Britain scrambles to plug intelligence leaks

Britain's NATO allies, led by the United States, are insisting on quick, firm action to stop damaging espionage leaks here to the Soviet Union. As a result, the government of Prime Minister Margaret Thatcher has begun to take fresh steps. It may be forced to take even more.

Government officials here admit security breaches have caused deep concern and damage since World War II. Far too many British officials have turned against Western ideals in favor of Soviet communism.

They range from senior diplomats Kim Philby, Guy Burgess, and Donald Maclean to the more recent cases of art historian Anthony Blunt, Leo Long, Army Lance Cpl. Philip Aldridge, and Geoffrey Arthur Prime, the Russian linguist who worked at the top-secret Government Communications Headquarters in Cheltenham, which eavesdrops electronically on Soviet satellite and other signals.

Now come the latest revelations that Michael Bettaney, the MI5 agent in charge of ''K Branch,'' which runs counterespionage against Soviet agents in Britain, had been trying to feed highly sensitive data to a Soviet diplomat in London.

Lord Chief Justice Lane indicated when passing sentence April 16 that Bettaney would not have hesitated to reveal names of British agents, a move that would have led to those agents being killed.

Bettaney has now begun a sentence of 23 years. He leaves behind a defiant statement indicating his Marxist beliefs, a confession said to run some 170 pages which the United States Central Intelligence Agency (CIA) will want to read, and yet another controversy about the British ability to safeguard secrets from the Soviets.

The CIA is directly affected. It routinely exchanges sensitive data with the British and other NATO allies, and it fears that its own information might find its way into Soviet hands.

The Thatcher government shares the US concern. The prime minister herself is said to be increasingly exasperated at the paradox of leaks from and secrecy within British secret services.

It was she who decided that Bettaney would be prosecuted through the courts - the first MI5 agent in history to be punished in public.

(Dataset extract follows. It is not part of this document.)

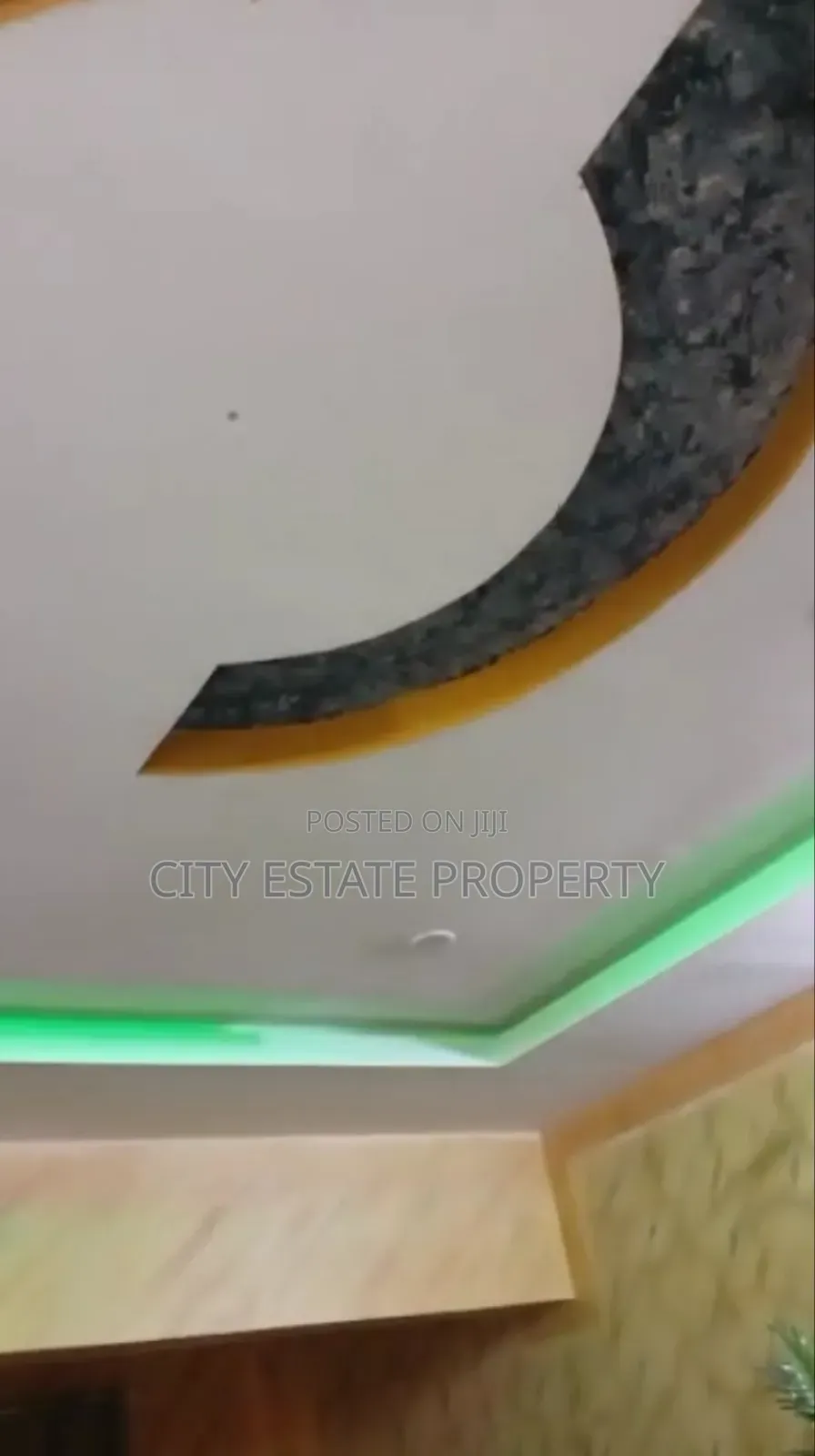 2bdrm Block of Flats in Royal Estate, Port-Harcourt for rent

In part this was to show her allies that he had been caught before doing much damage, as Corporal Aldridge was, and that she was prepared to be tough.

After the trial she moved again, this time to launch a formal investigation by the Security Commission - the body that investigated the Rhona Ritchie, Aldridge, and Prime cases.

After the Prime case, in 1982, Mrs. Thatcher accepted a commission recommendation that lie detector tests be given to employees at the Cheltenham facility. Trade unions and others doubt the tests can trick spies who are determined to evade them. The first tests, however, are believed to have already taken place.

The Security Commission, set up in 1964, investigates security breaches at the request of the prime minister of the day and advises on changes needed.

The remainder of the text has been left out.